The types of data warehouse applications are

  • Info Processing
  • Analytical Processing
  • Data Mining

Data mining can be define as the process of extracting hidden predictive information from large databases and interpret the data while data warehousing may make use of a data mine for analytical processing of the data in a faster way. Data warehousing is the process of aggregating data from multiple sources into one common repository.

What are the various tools used in ETL?

  • Cognos Decision Stream
  • Oracle Warehouse Builder
  • Business Objects XI
  • SAS business warehouse
  • SAS Enterprise ETL server

What is fact? What are the types of facts?

It is a central component of a multi-dimensional model which contains the measures to be analysed. Facts are related to dimensions.

Types of facts are

Explain what are Cubes and OLAP Cubes?

Cubes are data processing units comprised of fact tables and dimensions from the data warehouse. It provides multi-dimensional analysis.

OLAP stands for Online Analytics Processing, and OLAP cube stores large data in muti-dimensional form for reporting purposes. It consists of facts called as measures categorized by dimensions.

What are the names of the layers in ETL?

The first layer in ETL is the source layer, and it is the layer where data lands. The second layer is the integration layer where the data is stored after transformation. The third layer is the dimension layer where the actual presentation layer stands.

What is meant by snapshots?

Snapshots are the copies of the read-only data that is stored in the master table.

What are views?

Views are built using the attributes of one or more tables. View with a single table can be updated, but those with multiple tables cannot be updated. More info ETL Training

 

What is meant by a materialized view log?

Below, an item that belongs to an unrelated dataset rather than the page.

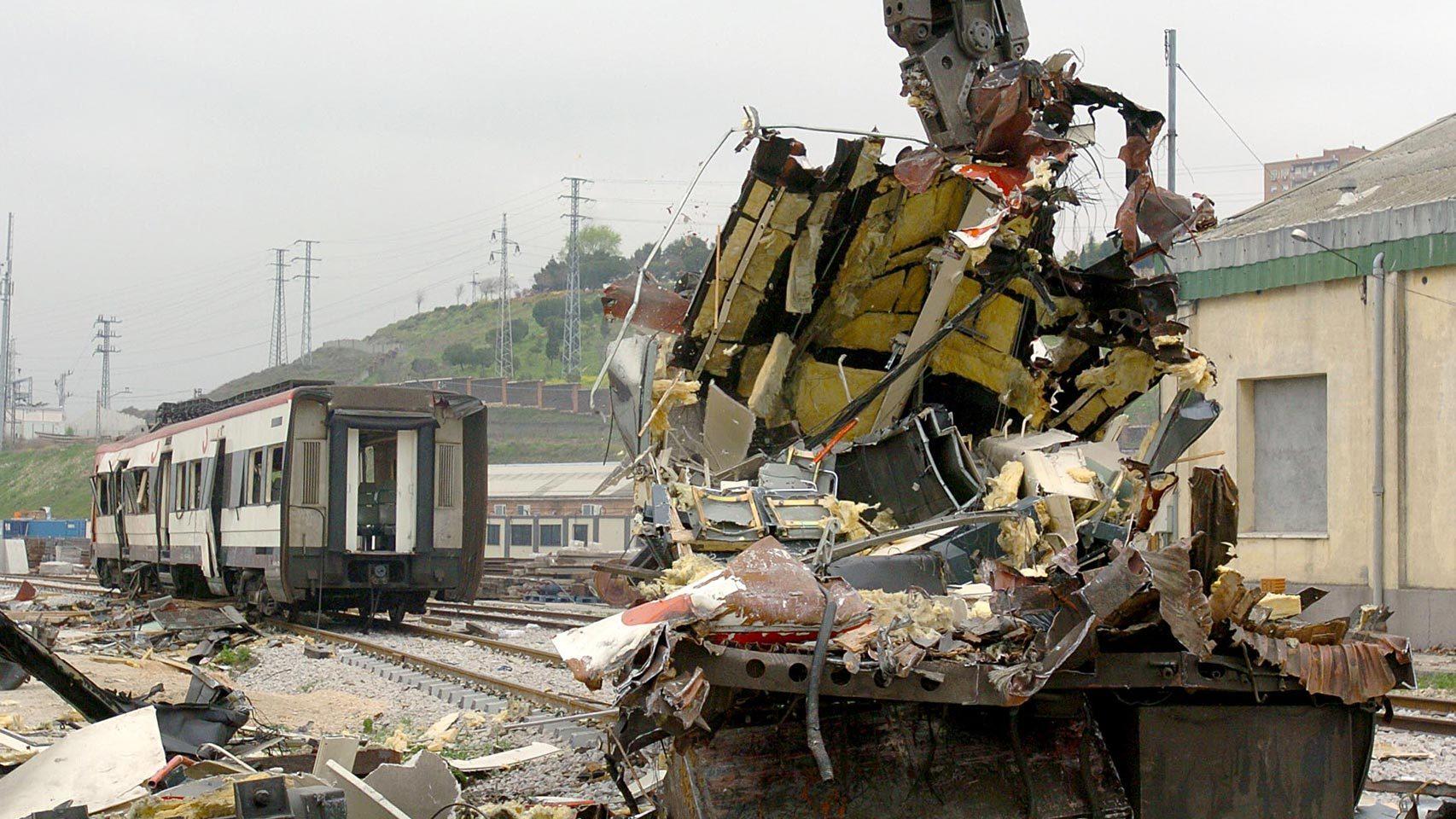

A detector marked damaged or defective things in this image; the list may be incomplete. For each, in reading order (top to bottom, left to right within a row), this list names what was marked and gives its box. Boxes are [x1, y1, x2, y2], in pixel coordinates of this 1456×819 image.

wrecked train car [564, 8, 1409, 819]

A materialized view log is the pre-computed table with aggregated or joined data from the fact tables, as well as the dimension tables.

What is a materialized view?

A materialized view is an aggregate table.

What is the difference between PowerCenter and PowerMart?

PowerCenter processes large volumes of data, whereas Power Mart processes small volumes of data.

What is the exact purpose of an ETL according to you?

It is actually very beneficial for the extracting of data and from the systems that are based on legacy. 

Can you define measures in a simple statement?

Well, they can be called as the number data which is generally based on the columns and is generally present in a fact table by default. Learn more from ETL Testing Certification

When you will make use of the Lookup Transformation?

It is one of the finest and in fact one of the very useful approaches in the ETL. It simply makes sure that the users can get a related value from a table and with the help of a column value that seems useless. In addition to this, it simply makes sure of boosting the performance of a dimensions table which is changing at a very slow rate. Also, there are situations when the records already remain present in the table. Dealing with such issues can be made possible with the help of Lookup transformation. 

What do you understand by Data Purging?

There are needs and situations when the data needs to be deleted from the data warehouse. It is a very daunting task to delete the data in bulk. The Purging is an approach that can delete multiple files at the same time and enable users to maintain speed as well as efficiency. A lot of extra space can be created simply with this.

Can you tell something about Bus Schema?

Dimension identification is something that is very important in the ETL and the same is largely handled by the Bus Schema.

Are your familiar with the Dynamic and the Static Cache?

When it comes to updating the master table, the dynamic cache can be opted. Also, the users are free to use it for changing the dimensions. On the other side, the users can simply manage the flat files through the Static Cache.  It is possible to deploy both the Dynamic and the Static Cache at the same time depending on the task and the overall complexity of the final outcome. 

What do you mean by staging area?

It is an area which is used when it comes to holding the information or the data temporary on the server that controls the data warehouse. There are certain steps that are included and the prime one among them is Surrogate assignments. 

What are the types of Partitioning you are familiar with?

There are two types of Partitioning that is common in ETL and they are:

1.   Hash 

2.   Round-robin

Can you tell a few benefits of using the Data Reader Destination Adapter?

There are ADO record sets which generally consists of columns and records. When it comes to populating them in a simple manner, the Data Reader Destination Adapter is very useful. It simply exposes the data flow and let the users impose various restrictions on the data which is required in many cases.

 

What are joiner and lookup?

The joiner is used to join two or more tables to retrieve the data from tables.

Lookup

 is used to check and compare the source table and the target table.